Читаем In Plain Sight полностью

THE NEXT WEEK, JOE WAS ON A MUDDY TWO-TRACK IN the breaklands doing a preliminary trend count on the mule-deer population when he got the distinct feeling he was being watched. It was a crisp, dry morning. A late-spring snowfall was melting into the inch-high grass as the morning warmed, and the moisture was being sucked into the parched earth. By late afternoon, he was afraid, the ground would be as bone-dry as it had been all year. It would take much more rain and snow to turn back the relentless slow death of the soil caused by the fifth straight year of drought.

He had been counting pregnant does all morning. Most of the fawns wouldn’t be born until June, but from what he could tell so far it would be another bad year for the deer population. A good year could be predicted if there were eighty fawns per one hundred does, or 80 percent. So far, the ratio had been 40 percent pregnant does. The drought—not hunting or development—was severely affecting the population. He would need to recommend fewer deer licenses for the area, which would not make him very popular among the local hunters.

Joe surveyed the horizon to see if he could spot who was watching him. He saw no one, and shrugged it off.

His cell phone rang.

“Guess who this is?” said Special Agent Tony Portenson of the FBI.
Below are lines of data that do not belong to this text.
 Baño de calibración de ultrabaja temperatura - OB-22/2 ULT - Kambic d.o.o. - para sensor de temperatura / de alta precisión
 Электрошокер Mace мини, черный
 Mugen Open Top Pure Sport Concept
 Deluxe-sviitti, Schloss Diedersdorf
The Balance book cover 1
Portenson was originally from Brooklyn, and his accent, if anything, had become more pronounced the longer he was stationed in the Wyoming field office.
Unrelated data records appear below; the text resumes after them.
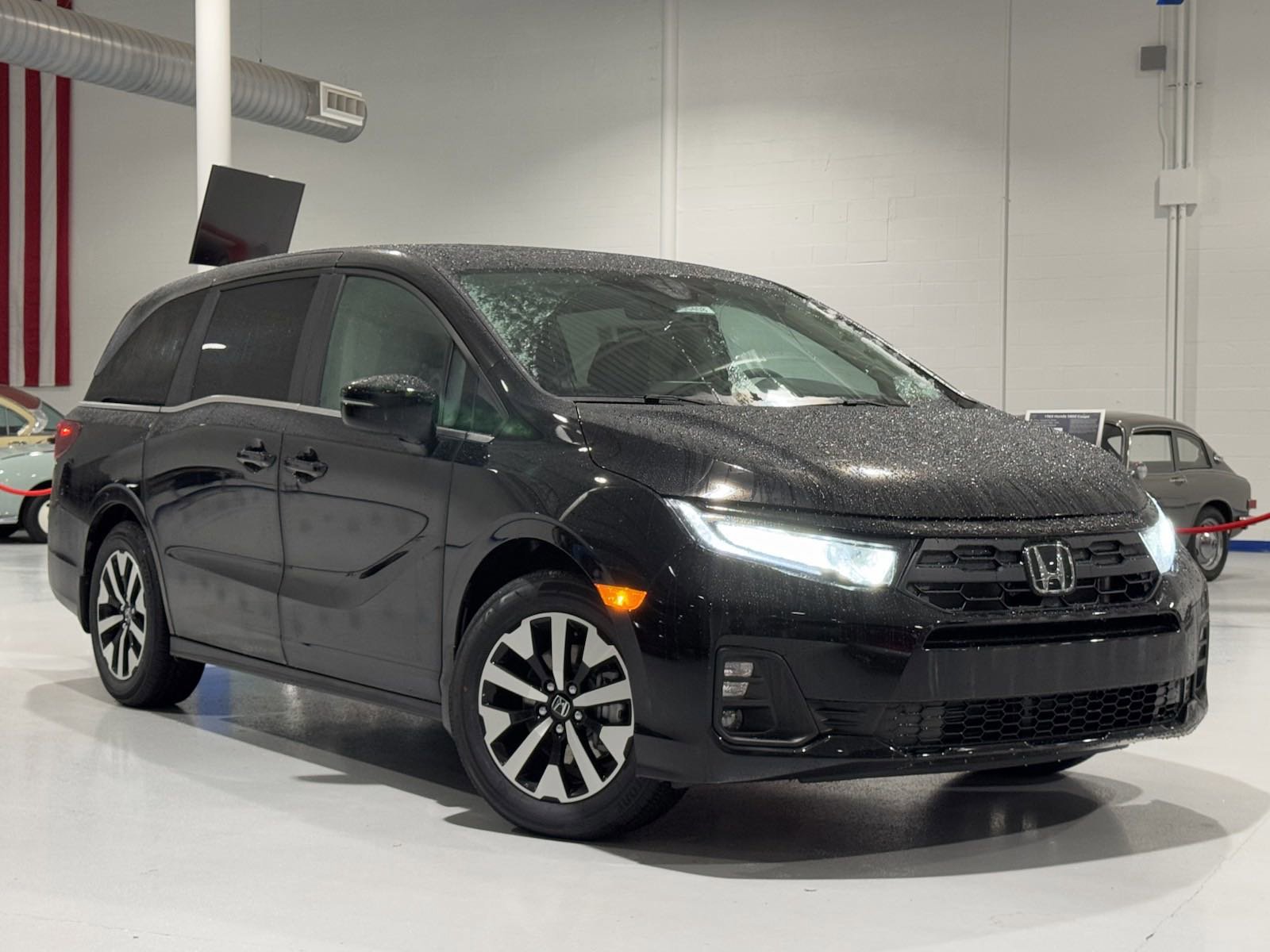 New 2026 Honda Odyssey EX-L image 2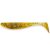 Fishup Wizzle Shad 3"/ 76mm – 036 Caramel green black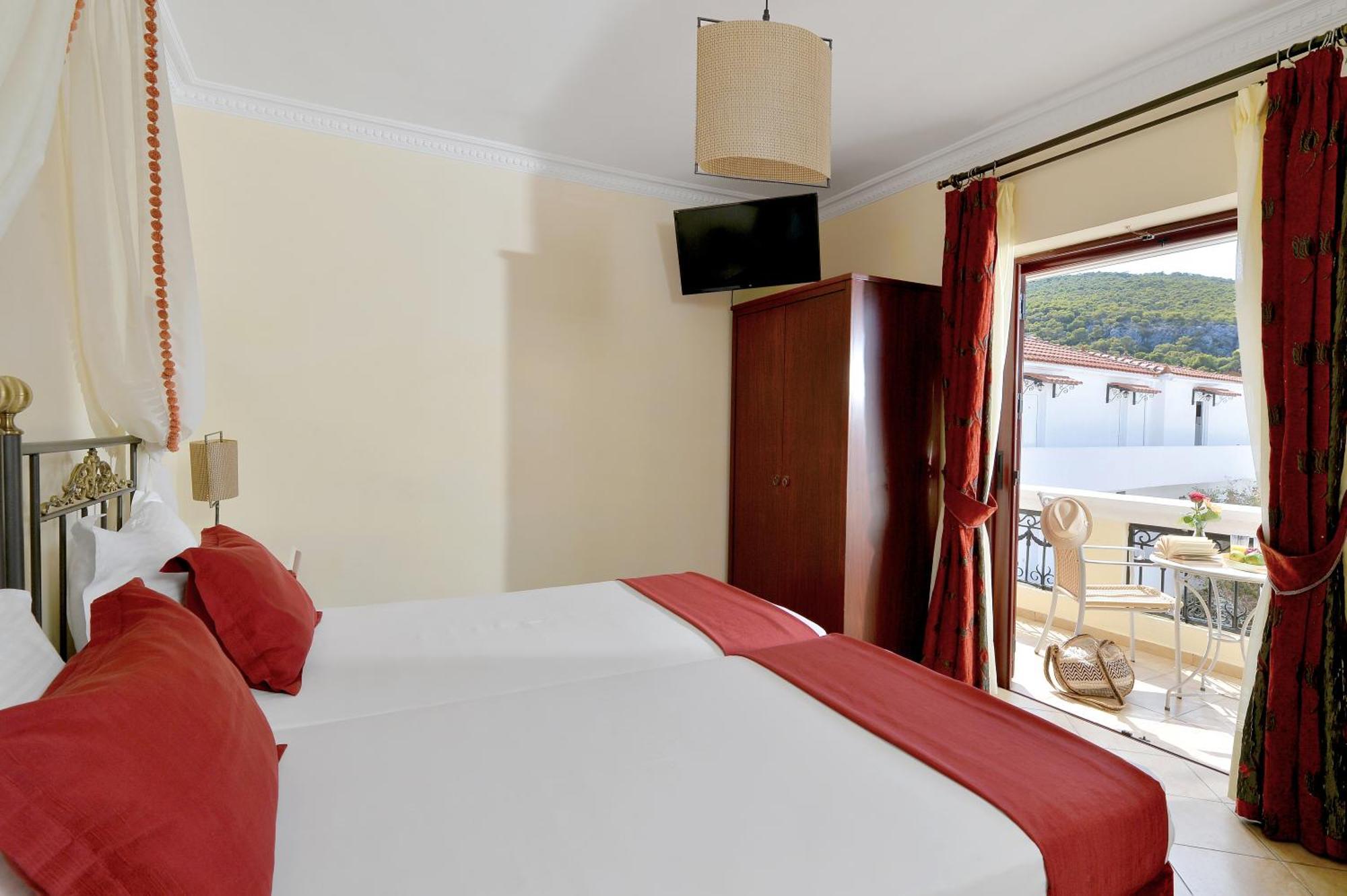 Agistri Hotel Skála Dış mekan fotoğraf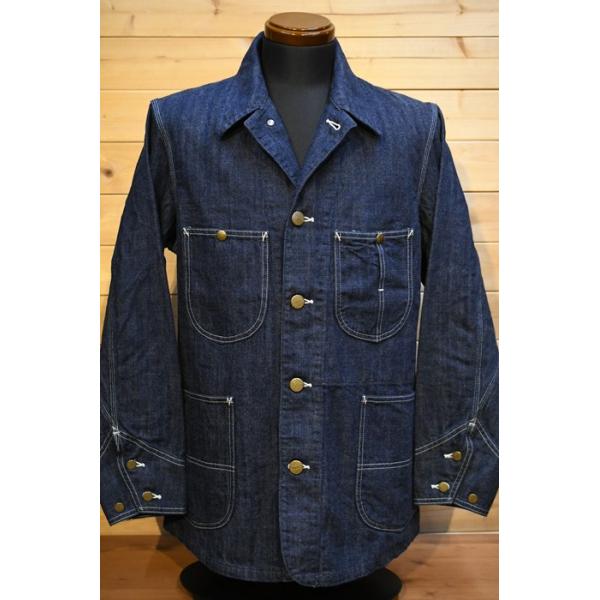 JELADO ジェラード アウター JP94491J 491J Coverall カバーオール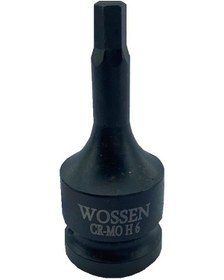 Resim WOSSEN ALLEN ANAHTARI 6 MM KISA 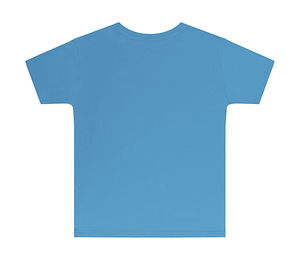 T-shirt publicitaire enfant | Ramsbottom Turquoise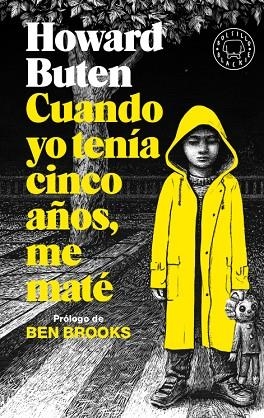 CUANDO YO TENÍA CINCO AÑOS, ME MATÉ | 9788417552398 | BUTEN, HOWARD | Llibreria Online de Banyoles | Comprar llibres en català i castellà online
“Hello, Tony. Where are you?”

“I’m in your town.”

“I’m sorry to hear that,” Joe said, knowing Portenson had been trying for three years to get a transfer out of the West to someplace more exciting, someplace where there were gangsters and organized crime, maybe even terrorists. Over the years, Portenson had bored Joe for hours with his complaints regarding the poor quality of crime he had to deal with out of his office in Cheyenne: cattle rustling, methamphetamine labs, murders of passion on the Wind River Indian Reservation.

“Can I buy you a cup of coffee?” Portenson asked.

“I’m out in the field counting deer.”

“Jesus, I wouldn’t want to interrupt that.

Joe could hear Portenson turn to someone, probably his partner, partially cover his phone, and say, “The guy is counting deer. No shit. Counting deer.

“I’m counting antelope too,” Joe said.

“They can wait. They aren’t going anywhere, I’m sure.”

“The pronghorn antelope is the second-fastest mammal on the face of the earth,” Joe said. “So that wouldn’t be correct.”

“I’m at that place with the corny name,” Portenson said. “The Burg-O-Pardner. Meet me in ten minutes.”

“It’ll take me twenty.”

“I’ll order breakfast in the meantime.”

TONY PORTENSON WAS sitting in a booth in the back of the restaurant when Joe entered. He looked up from his plate of biscuits, gravy, and bacon and waved Joe back. Portenson was dark, intense, and had close-set eyes and a scar that hitched up his upper lip so that it looked as if he was always sneering. When he smiled, the effect was worse. Sitting across from him was an earnest, fresh-faced, wide-shouldered younger man with buzz-cut hair. His partner, Joe assumed.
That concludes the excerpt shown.